Seann McCollum
Cy Twombly, Quattro Stagioni: Primavera (1993-5)
The Twombly Equinox
What season is it, Cy,
when all the birds get dragged back
into the knotted tumbleweeds of their nests,
When plants curl their furry fingers around
their precious clods of earth as if they were eggs,
When the wooden sticks that pass for oars on this filthy ship
start stabbing the newly-thawed waves?
I know, I know; it’s Spring,
the season for scribbling over our mistakes,
for watching the huge purple gobs bloom
across winter’s bleak, blank canvas.
The time of year when lush, generous globules drip sap
and blow puffs of pollen.
When blossoms grow fat with the promise of fruit.
When thorns are loosed like a rain of arrows.
It’s Spring,
time for us to spin our whirling dervish dance
with our leaves and petals flapping around us.
It’s Spring, and every word is a seed
splattered with turpentine
to become a great tangle of language,
bursting into graffiti creepers
that cover the walls
and shoot their roots
deep into the cracks in the void.
Ode on a Greasy Urn
(for Vic Chesnutt, 1964-2009)
“What mad pursuit? What struggle to escape?”
In second grade, our teacher had us slather
elbow macaronis in gold paint, then glue them
to the lids of baby food jars.
We gave them to our moms for Mother’s Day.
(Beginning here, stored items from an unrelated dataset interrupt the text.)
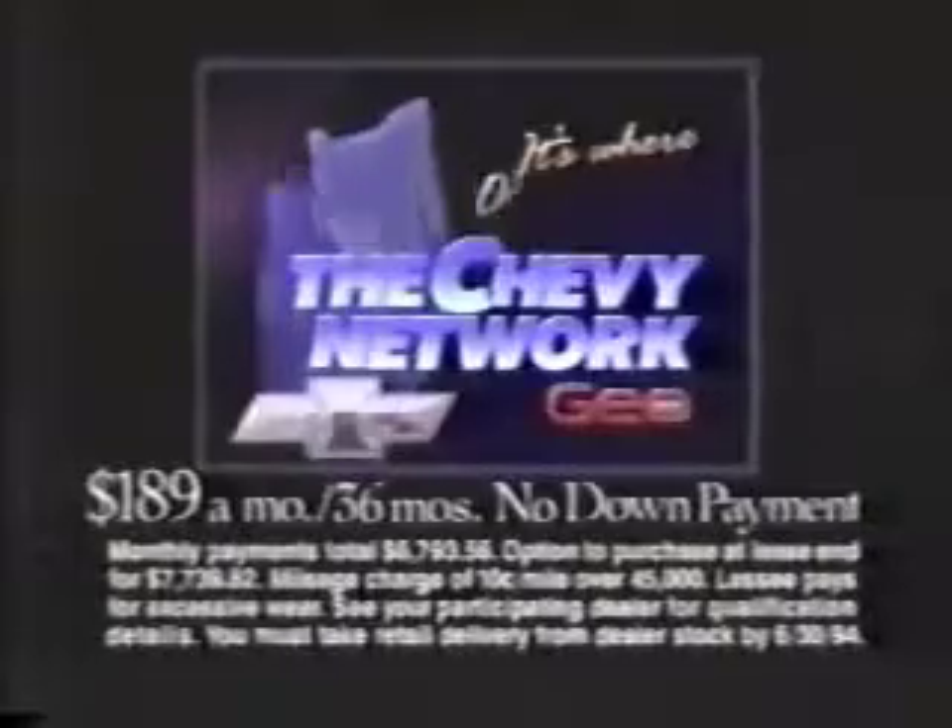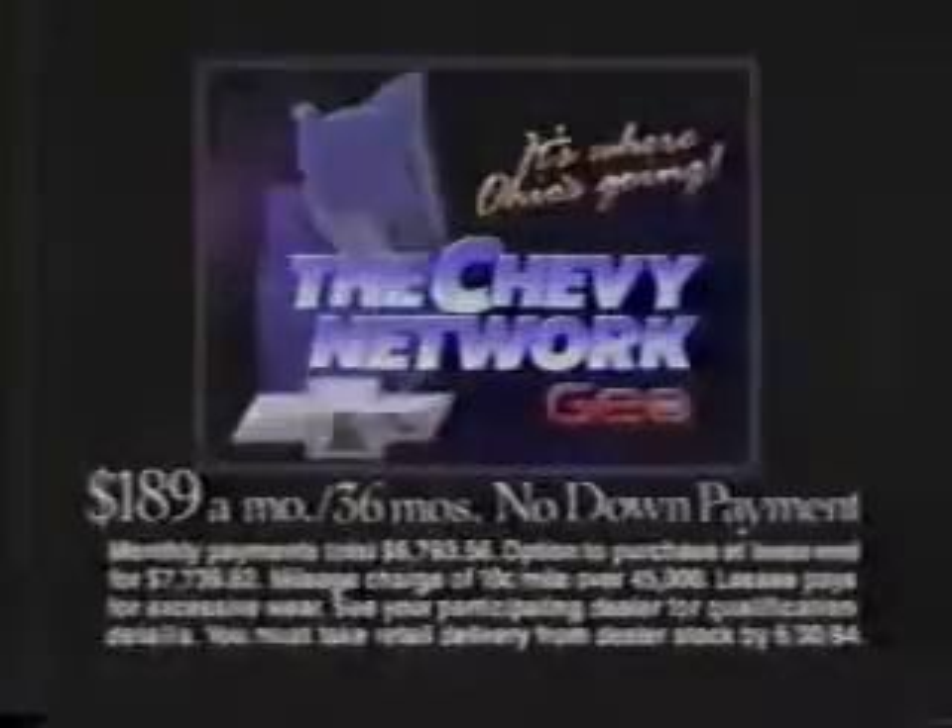A new Geo Prism for only $189 a month for 36 months with no down payment — and it's all here for you. Lease a new Geo Prism for $189 a month with no down payment at your Chevy Geo network dealer today.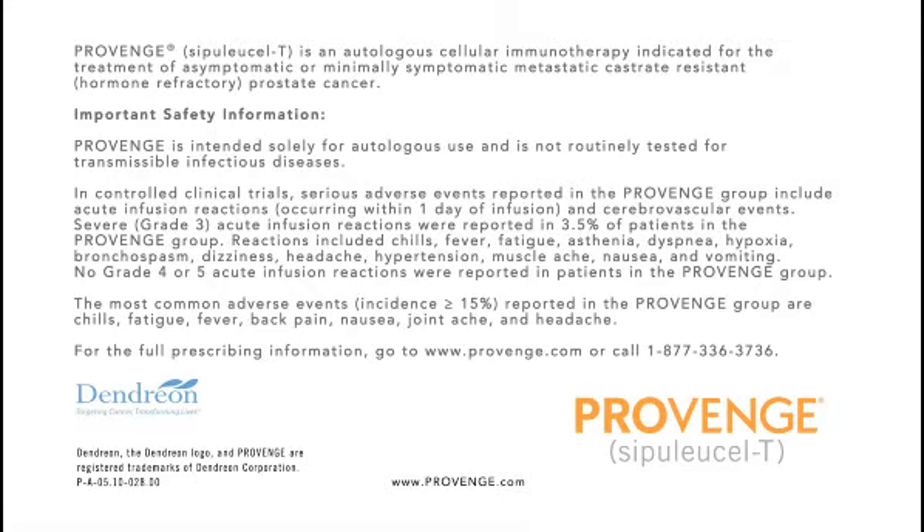fatigue, asthenia, dyspnea, hypoxia, bronchospasm, dizziness, headache, hypertension, muscle ache, nausea, and vomiting.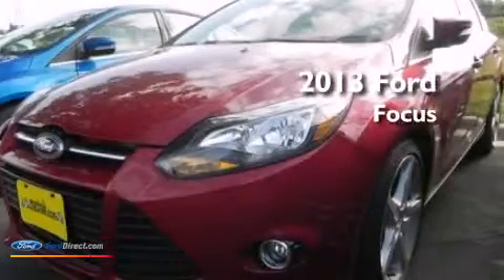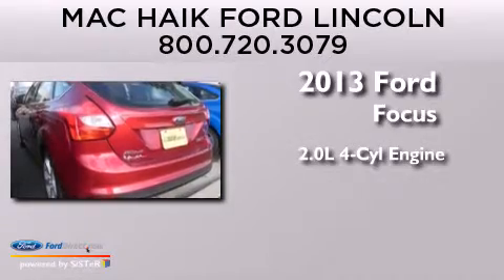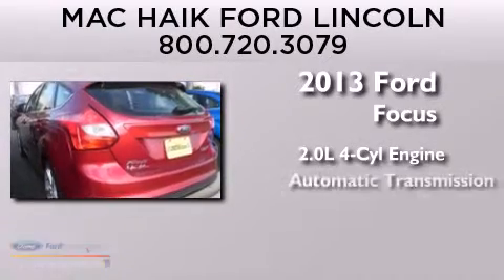This is a brand new 2013 Ford Focus. It features a 2.0-liter four-cylinder engine and an automatic transmission.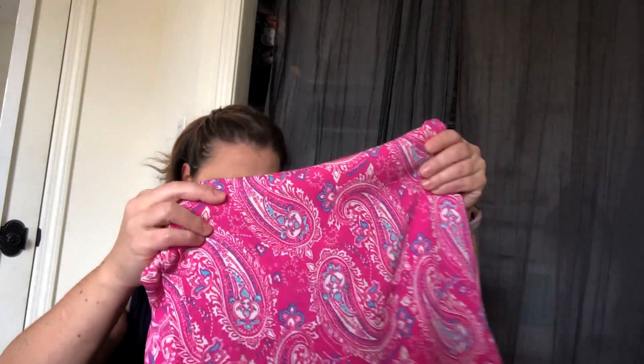I also got an email from Stone Mountain and Daughters that they were doing 25% off your entire purchase for Memorial Day, so I did order from them too. I ordered this really beautiful Art Gallery rayon challis, and I also ordered the Closet Case Patterns Charlie Caftan — I'm going to make the maxi version of that pattern in this fabric, which I'm really excited about.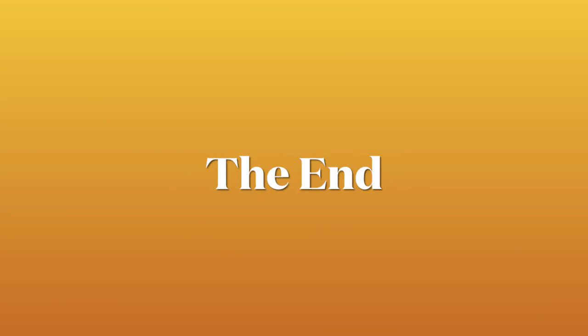The end. If you want to watch more videos, don't forget to subscribe.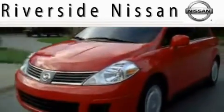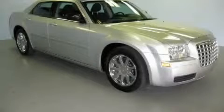Here's the vehicle for you. This is a 2005 Chrysler 300, a drive in shape that provides endless luxury.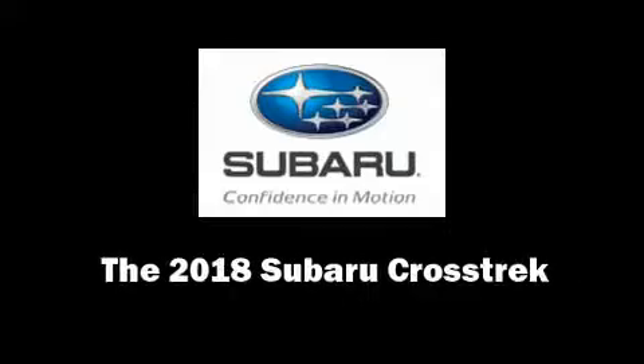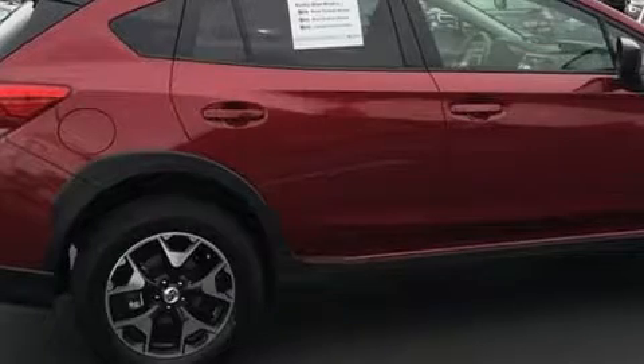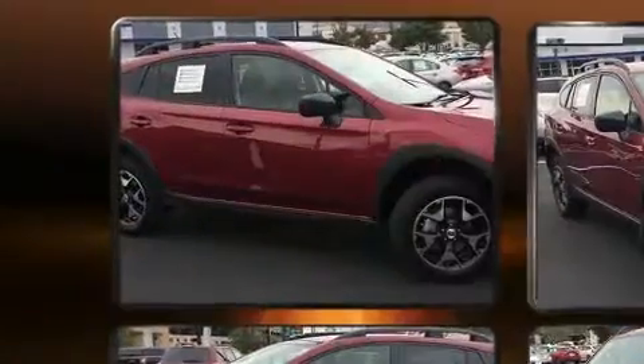Discerning drivers will appreciate the 2018 Subaru XV Crosstrek. Under the hood, you'll find a four-cylinder engine with more than 150 horsepower.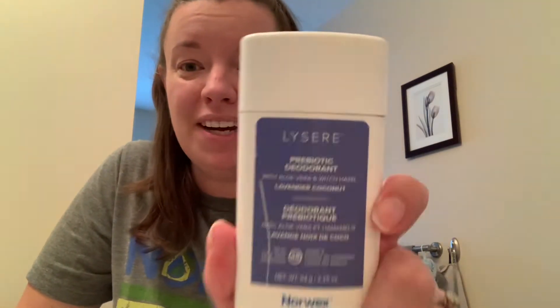Hi, this is Jamie Raffoff, Norik's Independent Consultant, and I'm here to talk about the Lysear prebiotic deodorant.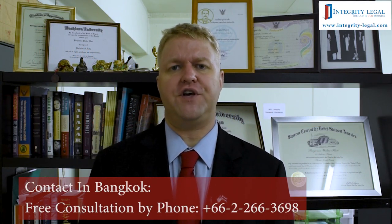Hello, my name is Benjamin Hart. I'm an American attorney and the Managing Director of Integrity Legal here in Bangkok, Thailand.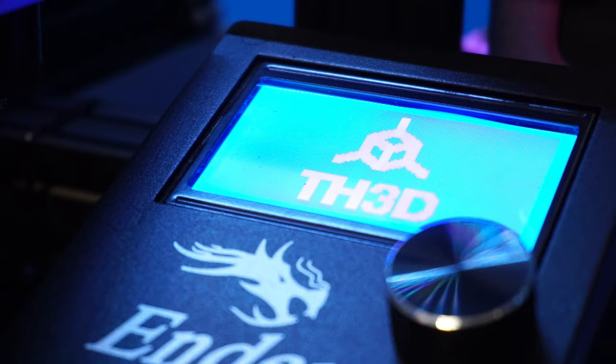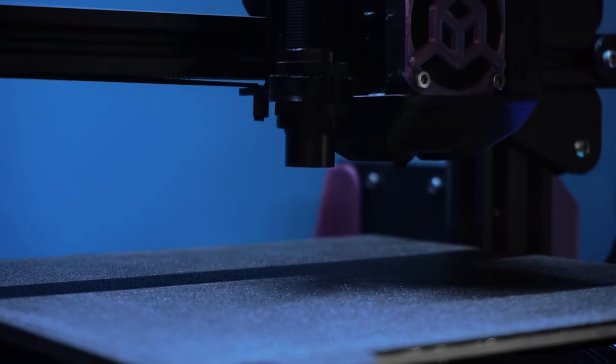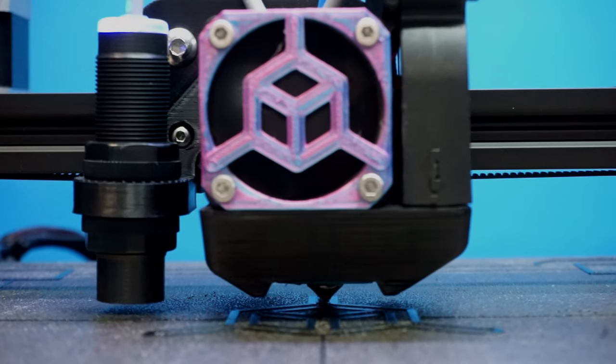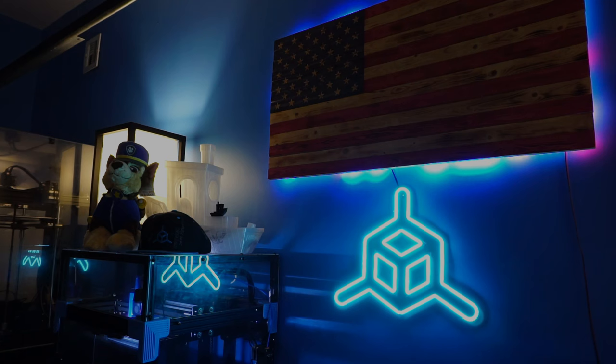What's up YouTube? I got an exciting announcement for you guys that you're all going to love. Here at TH3D, we've been selling printer parts for almost seven years now. And throughout those years, we've had a lot of people contacting us with questions about products that they purchase from other companies.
My mother filled hers with petroleum jelly.
She put it on her chest of drawers, on a lace doily
next to her baby powder and rosary.
I visited her recently, and saw
that after thirty years the jar
still huddled near the edge of her crowded bureau.
Its insides were now dry and empty
and all the noodles had dropped off,
leaving the lid naked and scarred
with scabs of dried glue.
Though there’s little mystery
to maternal sentimentality, I wondered
why she left the vessel empty
instead of filling it with buttons or beads or Vaseline.
That jar puts me in mind of Vic Chesnutt,
with his penchant for the pedestrian and the pathetic,
penning verses that champion the knickknacks of the heart,
the tchotchkes of the spleen.
Vic who, after so many years spent sitting
close to that big edge, naked and scarred
scraped out one last song,
picked off that final scab
and, empty and transparent, made his escape.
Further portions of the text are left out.